See, I was bullied pretty much from 9th grade on. I can only say thank god there weren’t cell phones and the internet then because I can’t even imagine how it would have gone down now.
While there were some things that weren’t totally “normal” in middle school (thanks to pre-teen hormonal emotional swings, I got sent to therapy at 12 – same time every week, and it meant being picked up early from school…NOT helpful and my final “diagnosis” was “12 year old girl”), it pretty much all started with 9th grade English. Our teacher, Mr. Mitchell, had us all keep journals at the beginning of the year. We had to write a certain number of entries per week, and at certain times he’d collect them. He’d read them (ok, I agree now that part could be called questionable, but he never specified how detailed and intimate we needed to get), and if we were puzzling out something, he’d often comment with his advice or thoughts. I trusted him, so I opened up more as the year went on. Even after the official assignment ended, he said if we wanted, we could continue on with the journals and he’d still collect them from time to time. I chose to continue.

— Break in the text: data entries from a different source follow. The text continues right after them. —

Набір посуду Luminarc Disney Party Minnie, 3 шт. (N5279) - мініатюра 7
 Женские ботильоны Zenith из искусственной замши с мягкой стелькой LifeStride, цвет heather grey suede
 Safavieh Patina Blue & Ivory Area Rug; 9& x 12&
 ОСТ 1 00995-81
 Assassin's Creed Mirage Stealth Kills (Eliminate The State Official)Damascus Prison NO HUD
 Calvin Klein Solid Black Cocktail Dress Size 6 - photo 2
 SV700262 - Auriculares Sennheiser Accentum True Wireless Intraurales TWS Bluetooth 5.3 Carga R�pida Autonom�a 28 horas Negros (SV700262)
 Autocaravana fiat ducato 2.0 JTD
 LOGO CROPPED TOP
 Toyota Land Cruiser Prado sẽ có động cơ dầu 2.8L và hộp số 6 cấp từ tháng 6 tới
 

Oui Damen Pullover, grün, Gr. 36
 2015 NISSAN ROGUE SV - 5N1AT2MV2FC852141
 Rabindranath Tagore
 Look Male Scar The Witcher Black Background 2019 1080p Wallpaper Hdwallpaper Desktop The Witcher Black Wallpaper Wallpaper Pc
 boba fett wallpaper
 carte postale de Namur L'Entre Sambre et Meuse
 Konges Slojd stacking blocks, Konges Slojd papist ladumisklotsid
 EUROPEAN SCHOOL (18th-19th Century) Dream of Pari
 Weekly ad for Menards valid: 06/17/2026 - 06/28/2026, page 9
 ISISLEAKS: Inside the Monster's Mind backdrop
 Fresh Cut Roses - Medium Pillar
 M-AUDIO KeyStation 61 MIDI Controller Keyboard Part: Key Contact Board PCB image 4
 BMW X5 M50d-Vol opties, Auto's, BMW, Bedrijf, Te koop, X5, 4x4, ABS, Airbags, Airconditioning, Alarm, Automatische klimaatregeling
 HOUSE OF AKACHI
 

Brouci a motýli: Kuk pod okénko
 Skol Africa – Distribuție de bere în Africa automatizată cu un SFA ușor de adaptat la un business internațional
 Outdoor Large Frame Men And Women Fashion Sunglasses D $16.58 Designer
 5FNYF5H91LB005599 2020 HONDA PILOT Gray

I don’t really know why I was the selected target in my class. And there may have been others, but it certainly seemed like I was getting the brunt of it. I had several things in the “not like us” column for sure: I was fat, I was an academic and musical geek, my dad worked in a church and I was actively involved, we weren’t rich, I didn’t party on the weekends, etc. The one thing I had going on that I never let anyone see was the questioning of my sexual orientation – I hid that well (or thought I did anyway) by putting up pictures of the latest hot teen boy idols in my locker rather than the celebrities I really found attractive…and I never really worried about dating or anything, was more asexual than anything. So maybe that did contribute, I don’t know. One of my best friends was B, who had been born to a teenage mom so they had even less money than we did, and who had a hearing impairment. I’m not sure why the pack didn’t pick on her – or maybe they did and I just didn’t see it because of my own struggles with them. But regardless, the pack set its sights on me.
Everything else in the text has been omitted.